══ TASK DATA ══

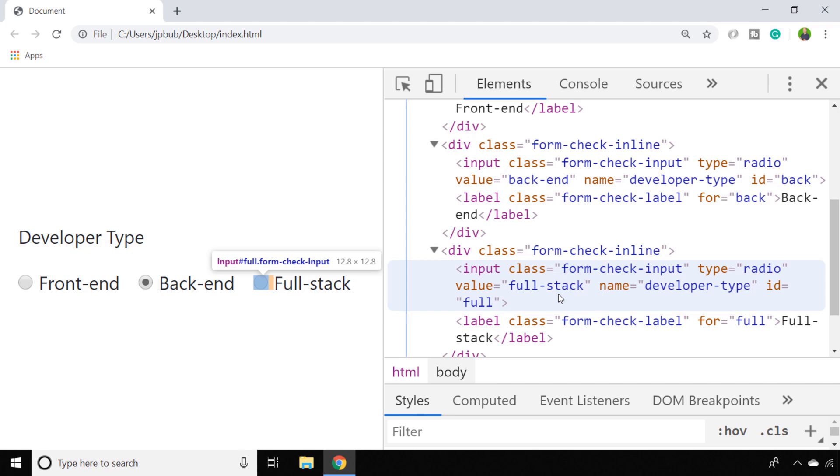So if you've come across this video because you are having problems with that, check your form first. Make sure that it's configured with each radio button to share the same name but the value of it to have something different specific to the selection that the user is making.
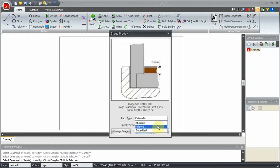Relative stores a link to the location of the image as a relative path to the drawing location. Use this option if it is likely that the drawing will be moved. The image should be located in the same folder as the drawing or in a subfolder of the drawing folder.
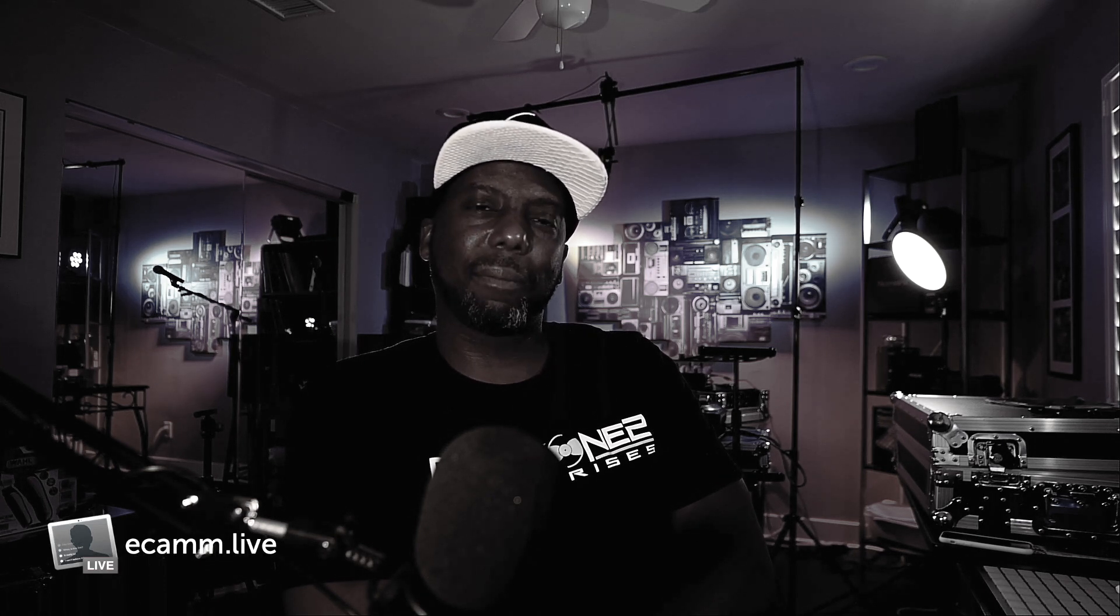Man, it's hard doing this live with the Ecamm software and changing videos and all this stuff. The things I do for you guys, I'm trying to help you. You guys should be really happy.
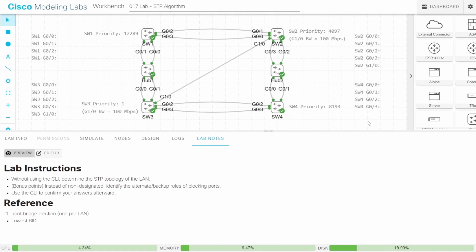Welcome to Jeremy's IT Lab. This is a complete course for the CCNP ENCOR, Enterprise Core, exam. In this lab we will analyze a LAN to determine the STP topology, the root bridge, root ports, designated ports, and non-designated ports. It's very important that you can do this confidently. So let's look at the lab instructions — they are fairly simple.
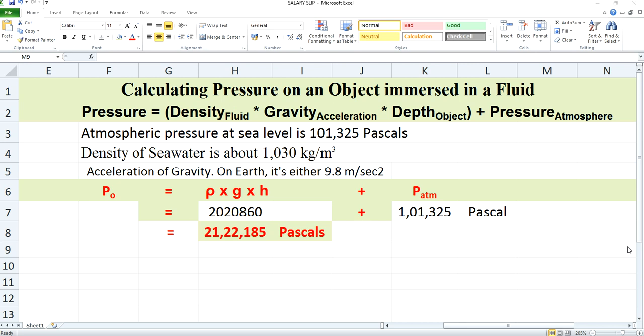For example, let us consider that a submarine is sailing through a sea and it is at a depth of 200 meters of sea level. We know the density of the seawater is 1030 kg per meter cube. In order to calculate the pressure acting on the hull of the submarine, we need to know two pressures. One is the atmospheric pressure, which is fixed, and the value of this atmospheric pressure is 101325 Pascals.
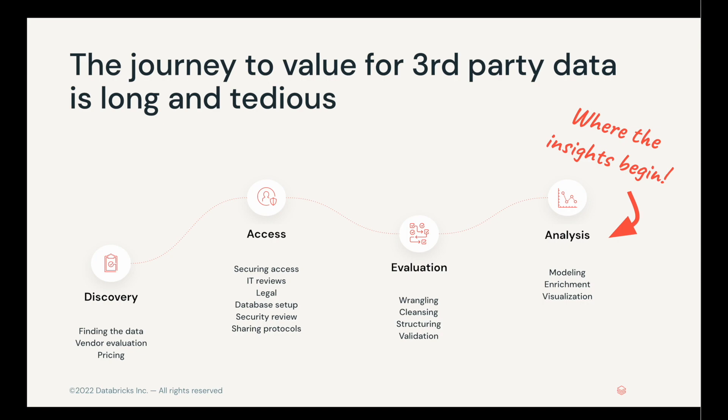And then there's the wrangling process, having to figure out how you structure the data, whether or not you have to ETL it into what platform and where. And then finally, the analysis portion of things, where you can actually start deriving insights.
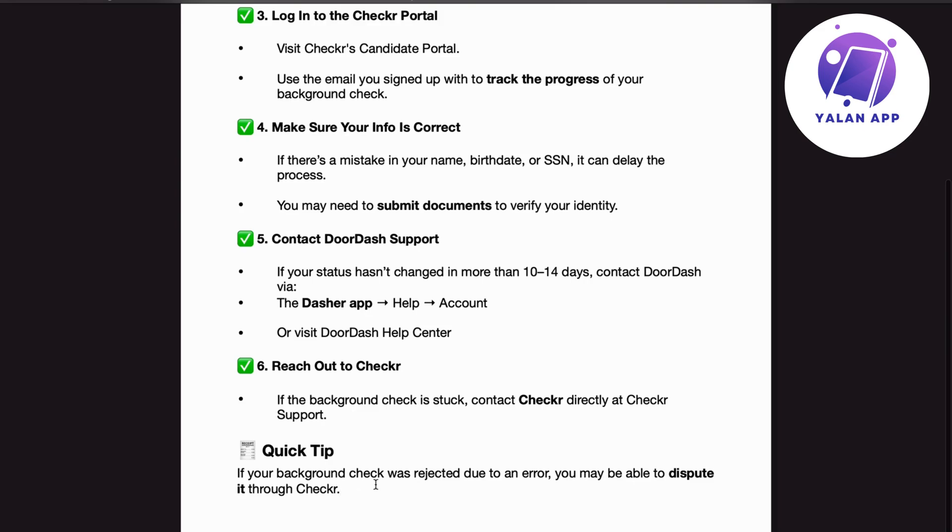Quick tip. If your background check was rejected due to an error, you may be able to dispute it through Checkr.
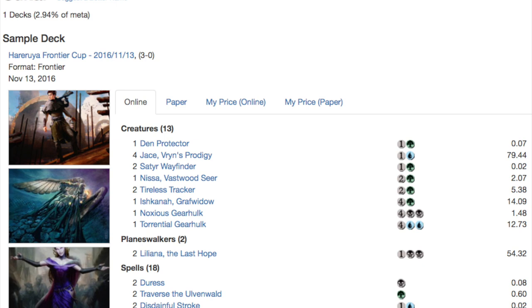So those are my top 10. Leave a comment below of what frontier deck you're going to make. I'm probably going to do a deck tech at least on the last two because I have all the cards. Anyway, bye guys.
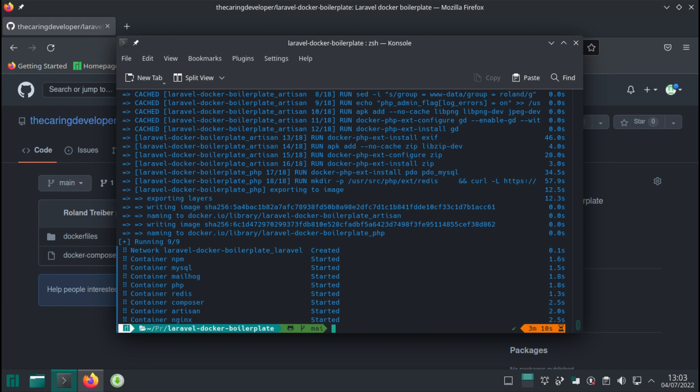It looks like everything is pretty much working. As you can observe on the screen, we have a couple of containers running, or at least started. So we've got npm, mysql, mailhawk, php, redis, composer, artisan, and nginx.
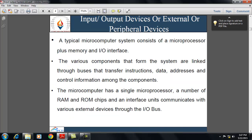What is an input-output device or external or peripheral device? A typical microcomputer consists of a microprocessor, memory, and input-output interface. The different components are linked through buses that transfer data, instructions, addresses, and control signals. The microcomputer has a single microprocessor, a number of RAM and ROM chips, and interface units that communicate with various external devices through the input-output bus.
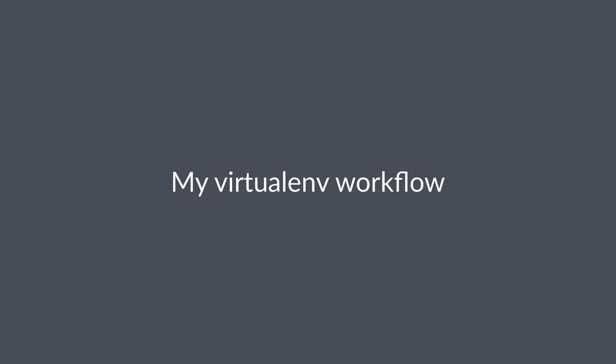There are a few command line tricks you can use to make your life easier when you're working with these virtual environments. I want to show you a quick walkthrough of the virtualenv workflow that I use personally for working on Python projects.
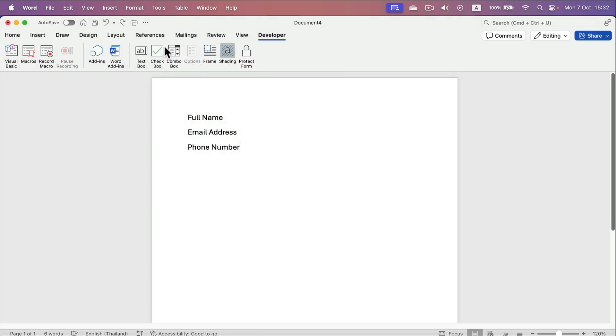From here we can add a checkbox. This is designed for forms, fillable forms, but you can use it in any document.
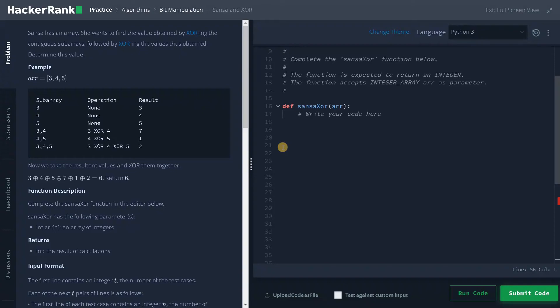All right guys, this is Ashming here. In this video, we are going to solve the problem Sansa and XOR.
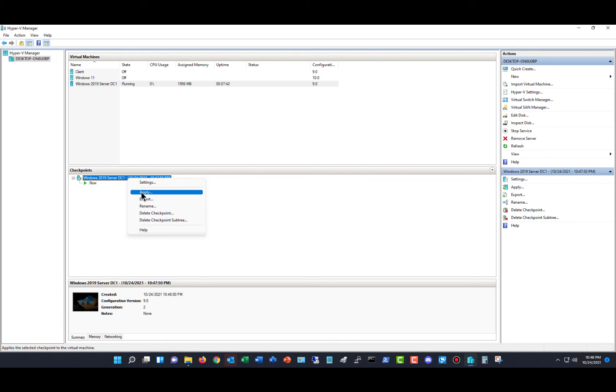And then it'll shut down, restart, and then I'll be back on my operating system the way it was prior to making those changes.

═══

**PROBLEM REQUIREMENTS:** Leave the pictures out, and transcribe exactly the lines above starting at the one that contains "From here we" and ending at the one that contains "All right guys, this".

**RESPONSE:**
From here we can add a checkbox. This is designed for forms, fillable forms, but you can use it in any document.
All right guys, this is Ashming here. In this video, we are going to solve the problem Sansa and XOR.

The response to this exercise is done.